(a) Develop stack machine code equivalents of the following simple programs:
(1) void main () { // print numbers 0 through 10
for (int i = 0; i <= 10; i++) write(i, "\n")
}
(2) void main() { // factorials
int n, f;
read(n);
write(n, "! =");
f = 1;
while (n > 0) {
f = f * n;
n = n - 1;
}
write(f);
}
(3) void main () { // simple array handling
int i = 1;
int[] list = new int[11];
list[0] = 5;
while (i <= 10) {
list[i] = 2 - list[i-1];
i++;
}
}
(b) Consider the following general form of T diagram. Although it uses the letters A through I in the various arms of the Ts, one could draw the diagram with fewer letters. How and why?

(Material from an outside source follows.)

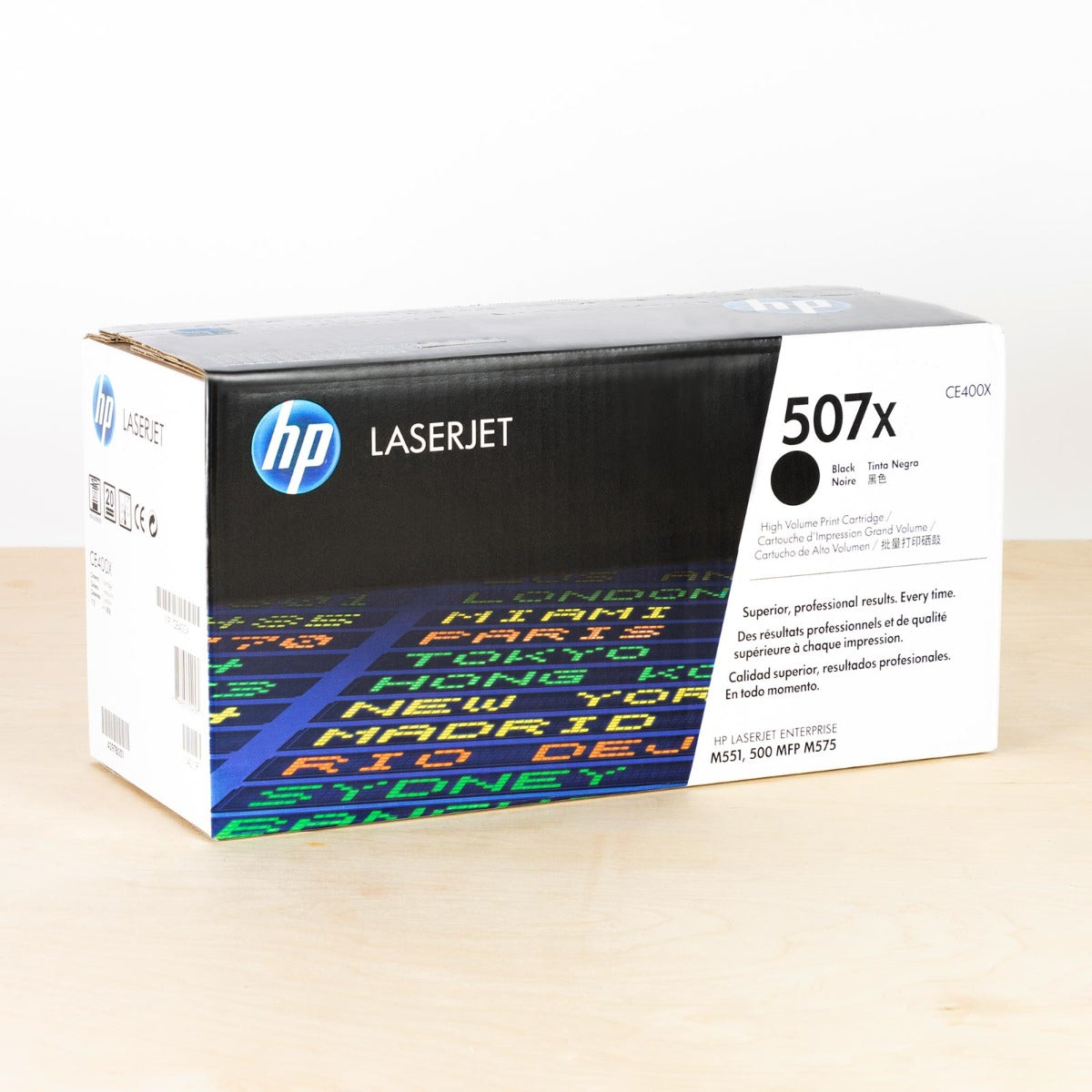 OEM HP CE400X (HP 507X) High Yield Black Laser Toner Cartridge (11,000 Pages)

.--------------------------. .--------------------------.
| | | |
| A ----------> B | | C -----------> D |
| | | |
`-------. .--------------------------. .-------'
| | | |
| E | F --------> G | H |
| | | |
`------------------. .------------------'
| |
| I |
| |
`----------'
(c) In the practical sessions you should have used the Extacy Modula-2 to C translator. This was developed in Russia by a team who used the JPI Modula-2 compiler available for the PC. But the demonstration system we downloaded from the Internet came with the file XC.EXE, and a few other modules written in Modula- 2 (but not the source of the XC.EXE executable itself). Draw T-diagrams showing the process the Russians must have used to produce this system, and go on to draw T-diagrams showing how you managed to take the program SIEVE.MOD and run it on the PC using the Borland C++ system as your compiler of choice.